Records drawn from a dataset:
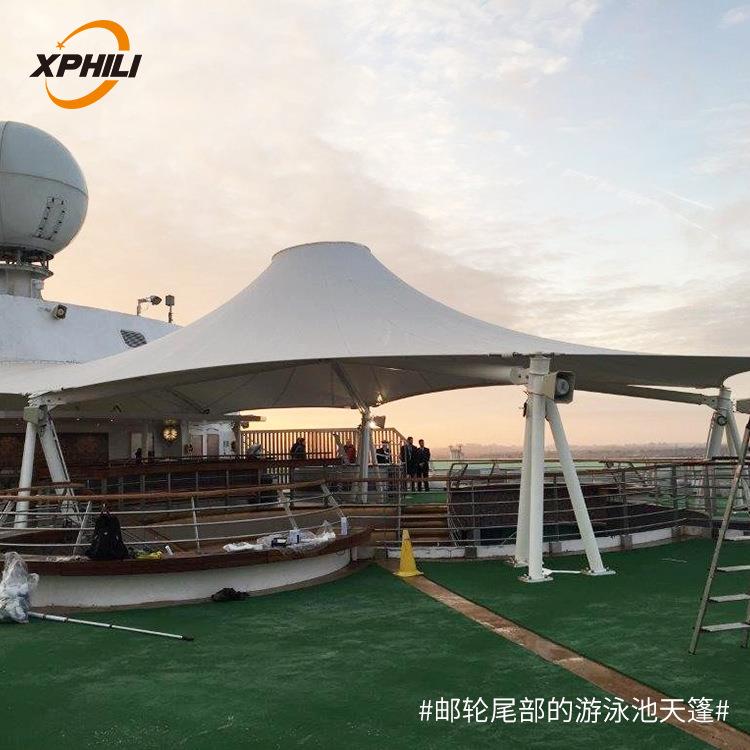 高档酒店、商场入口大型膜结构高透光灯光幻彩效果拱形锥形设计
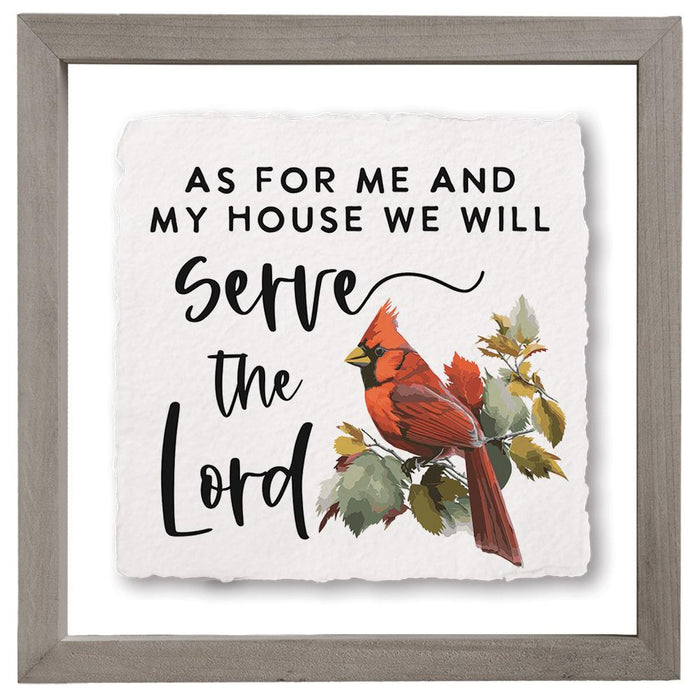 Serve The Lord Cardinal - Floating Wall Art Square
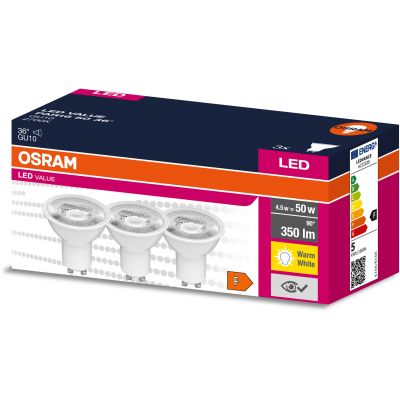 Osram Value żarówki LED Multipack 3x4,5 W 2700 K GU10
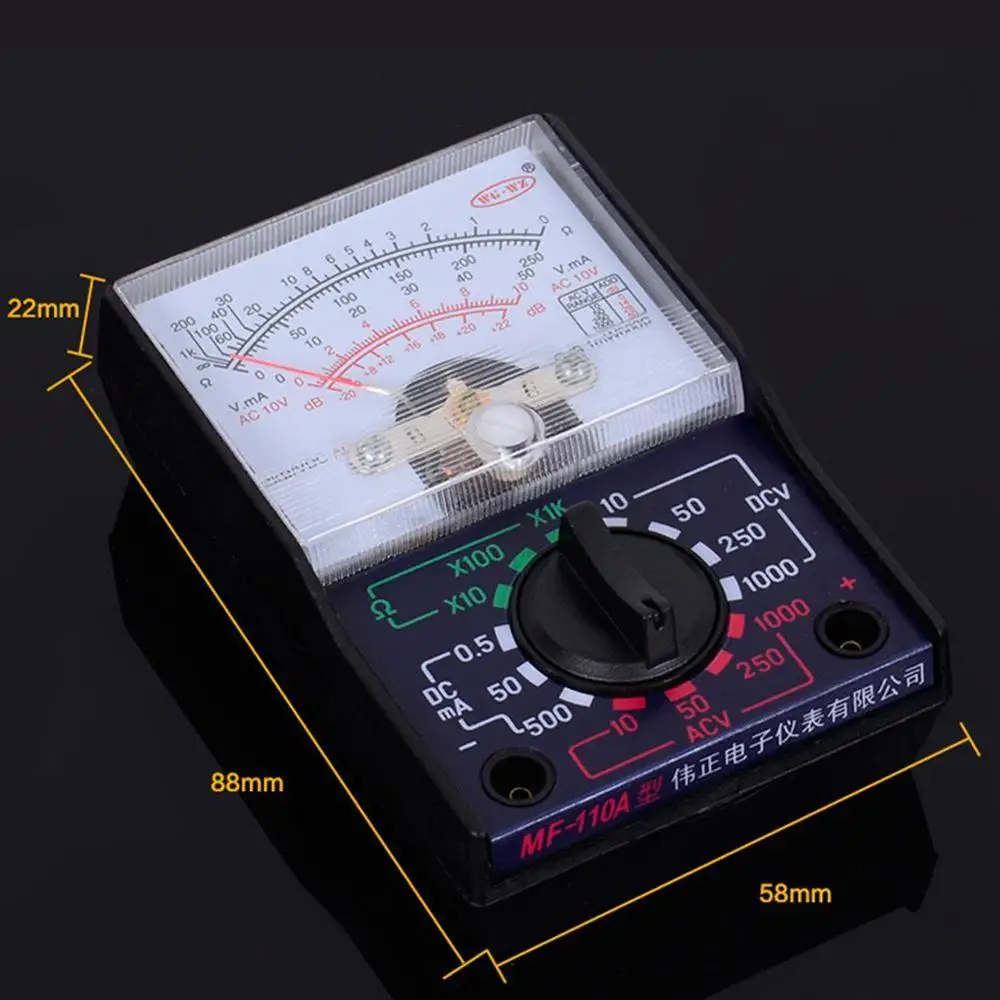 1 шт. Электрический аналоговый мультиметр переменного тока постоянного Вольт Ом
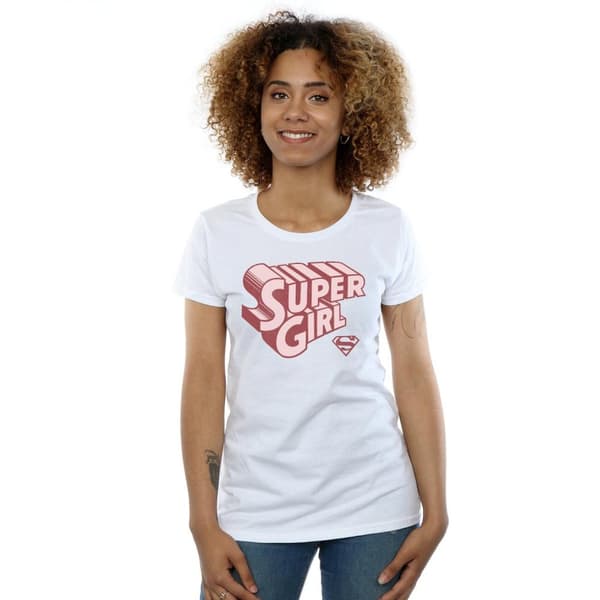 DC Comics Dam/Tjej Supergirl Retro Logo Bomulls-T-shirt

_The problem_.
Restate every record above word for word, without images.

_Task solution_.
 高档酒店、商场入口大型膜结构高透光灯光幻彩效果拱形锥形设计
 Serve The Lord Cardinal - Floating Wall Art Square
 Osram Value żarówki LED Multipack 3x4,5 W 2700 K GU10
 1 шт. Электрический аналоговый мультиметр переменного тока постоянного Вольт Ом
 DC Comics Dam/Tjej Supergirl Retro Logo Bomulls-T-shirt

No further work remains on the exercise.